World traveler, Mr. Kern, lands at KS Maui


Photo by Kainoa Deguilmo

Kumu Kern and Kaylee Cambra share a fun moment in Chemistry class. Kumu Kern joined the Kamehameha Maui staff in the fall.

In this great world, new chemistry teacher Mr. Ronald Kern has seen a lot, but the more things change, the more they stay the same.

Hailing from New Orleans, Kumu Kern said the people of Hawaiʻi remind him a lot of the folks back in Louisiana.

“[They both] enjoy life, and they get together and cook out,” he said. “They fry their fish just like we do.”

He recently attended the sophomores’ beach project on Pōʻalima ‘Ulaʻula, Red Friday, and said the new net throwing skills the students learned was like going home to New Orleans for a day of fun.

“One thing I want people to remember,” he said, “is that when you have culture, hold onto it tight, and don’t ever let it go.”

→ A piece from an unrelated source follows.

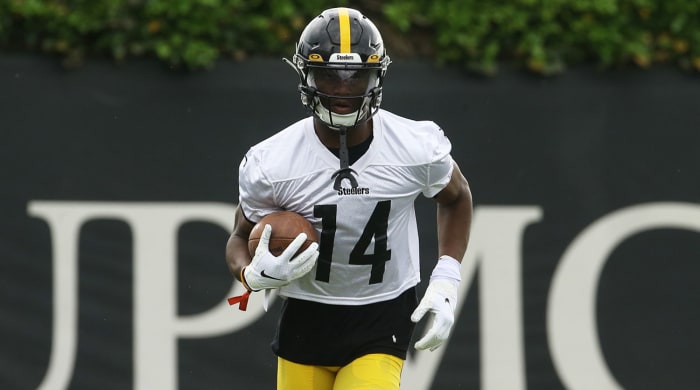 Steelers rookie receiver George Pickens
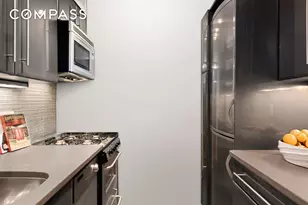 20 E 9th St, New York City, NY 10003 - Photo 4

Kamehameha Maui was not Kumu Kern’s original destination this year.

He had initially planned on teaching at a school in the Chuuk State of the Federated States of Micronesia. He found the spot through a program called WorldTeach, which is an organization that positions teachers globally.

“I chose this place [Chuuk] because this was a situation where I could give back,” Kumu Kern said. “People have given so much to me throughout my life.”

His plans were changed when the school was destroyed by Super Typhoon Maysak in March of this year. People on the island were forced to take up living in the school itself.

“I was going to leave [for Chuuk], but a storm destroyed the island leaving nothing left,” Kumu Kern said. He said that he was fortunate, then, to be able to take a position with Kamehameha Maui.

Born and raised in New Orleans, Kumu Kern said that, like Hawaiʻi, “New Orleans is the melting pot.”

He grew up in Louisiana and went to school at Northwestern University in Natchitoches. Before that, he was an industrial teacher educating adults at a water treatment company, and he would travel to chemical plants to teach workers.

“I taught them chemical safety,” Kumu Kern said. “I also taught water science to them and treatment chemistry.”

Outside of school,  Kumu Kern explained that he loved to travel.

He originally lived in Louisiana, and from there moved to the U. S. Virgin Islands with his wife — first to Tortola, and afterwards, to St. Croix. From there they moved on to Miami and back to New Orleans, and they are now residing on Maui.

“Of all the places I’ve visited, Hawaiʻi is my favorite,” Kumu Kern said. “The people are very nice.”

Growing up, Mr. Kern played football in high school as a linebacker for DeRidder High School. Hunting and fishing also made up part of his childhood, and just like people here on Maui, Mr. Kern used to “throw net” to catch fish and shrimp.

“I mostly caught catfish, bass, crappie, speckled trout, redfish, and crabs,” he said.

Kumu Kern looks forward to being a part of the Kamehameha Schools Maui staff and community. You might see him with his wife, Mrs. Linda Kern, who is also working on campus as a substitute teacher.

He said that, for him, she “is the backbone of my existence. Without her I would be a sailor lost at sea.”